Hautsache es gibt große stabile Hubguards für die Nabe. Nabe Odyssey V3 und Felge Odyssey Hazzard lite wäre mein Vorschlag.


----------



## malte97 (1. Juli 2012)

danke für den tipp aber die eclat pulse hat leider bolts und die sollen beim grinden schnell brechen habe ich gehört


----------



## malte97 (1. Juli 2012)

Daniel_D schrieb:


> Hautsache es gibt große stabile Hubguards für die Nabe. Nabe Odyssey V3 und Felge Odyssey Hazzard lite wäre mein Vorschlag.


 

leider gibt es für die nabe keine hubguards außer die von Gspot sonst hätte ich mir die schon gekauft. aber hält die das grinden aus??
als komplettrad oder custom??


----------



## RISE (1. Juli 2012)

Die Gsport hat 14mm Bolts, das geht schon klar, die Eclat hält bei einem Freund auch schon seit über einem Jahr und er grindet recht viel. Ansonsten gibt es die BSD sowohl mit Achse als auch mit Bolts und einen Hubguard haben die auch. 
Bei dem Budget würde ich ein Custom Laufrad nehmen, da die Auswahl der Street fähigen Komplettlaufräder recht beschränkt ist. Proper gäbe es evtl. als Komplettlaufrad, auch in Achse und Bolt Version und für die gibts bald auch einen Driveside Hubguard. Wäre als Komplettrad wohl die beste Option.


----------



## Daniel_D (2. Juli 2012)

Ich sehe gerade Cult hat auch ne Nabe mit gutem Hubguard

Hatte mich bei der V3 geirrt, nur die VR Nabe hat neuerdings einen Hubguard.

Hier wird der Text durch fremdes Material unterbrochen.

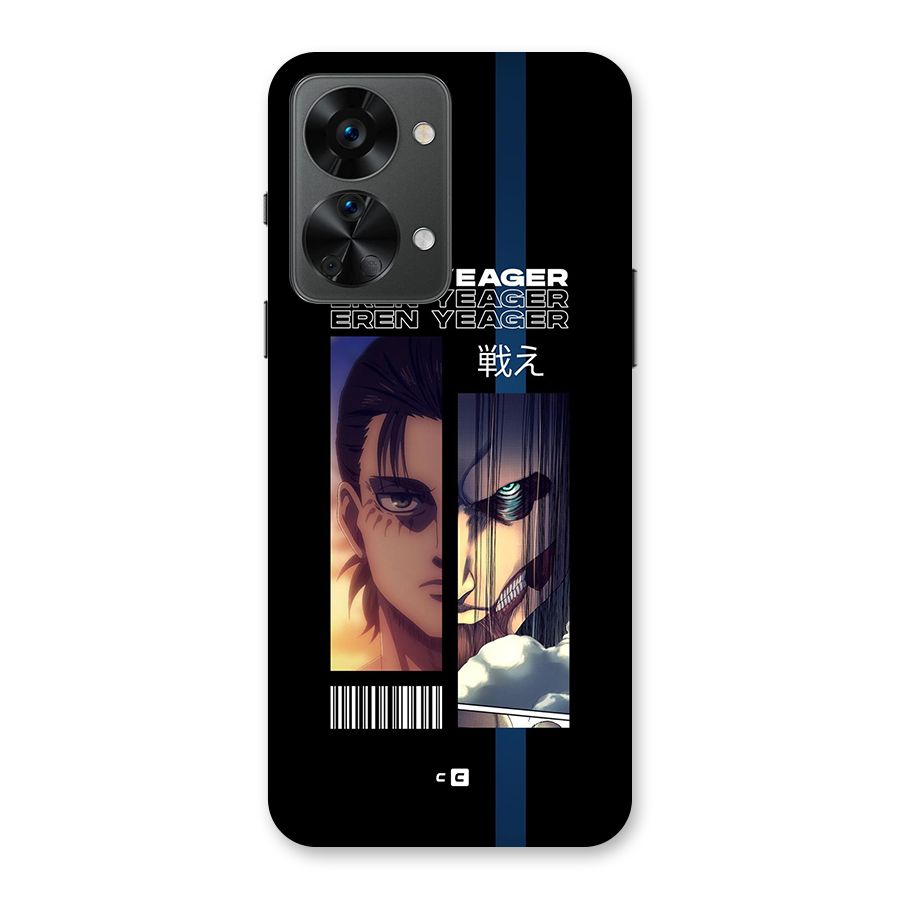 Eren Yeager Angry Back Case for OnePlus Nord 2T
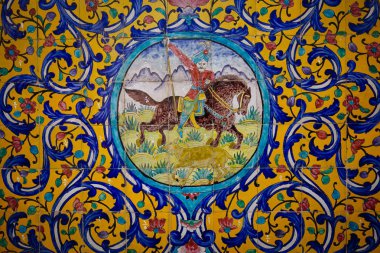 Bir mozaik Gülistan Sarayı, Tahran, Iran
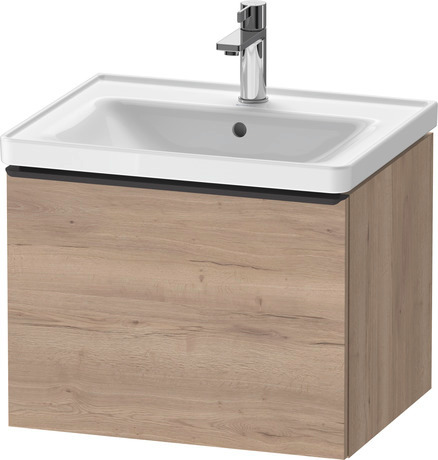 Vanity unit wall-mounted, DE42490BD550000 Marbled Oak Matt, Decor, Handle Diamond black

Ich selber fahre die G-Sport Ratchet, das ist die ultimative Grindnabe. Aber etwa 80g schwerer als die anderen und etwas klobig.

G-Sport halten einiges aus, sind halt nicht sonderlich schön. Außerdem schützen sie nur die Speichen und nicht den Nabenflansch

Ob Komplett oder Custom ist ja ansich egal, weil die Kompletträder kaum günstiger sind und viele Onlineshops kein Geld fürs Einspeichen nehmen.


----------



## Omegar (19. Juli 2012)

Eclat, Cult, Shadow... Das ist eigentlich egal. Wichtig ist eine normale 14mm Achse oder eben 14mm Bolts wie bei der GSport oder Shadow BTR. Du könntest das Shadow Raptor Hinterrad mit ner Stun Felge oder ner Hazzard Felge fahren. Preislich dürfte das aufs Selbe rauskommen. Auf keinen fall darfst du 10mm Bolts nehmen, die mögen ja bei einigen halten, aber nicht wenn du gerade mit dem Rutschen anfängst...


----------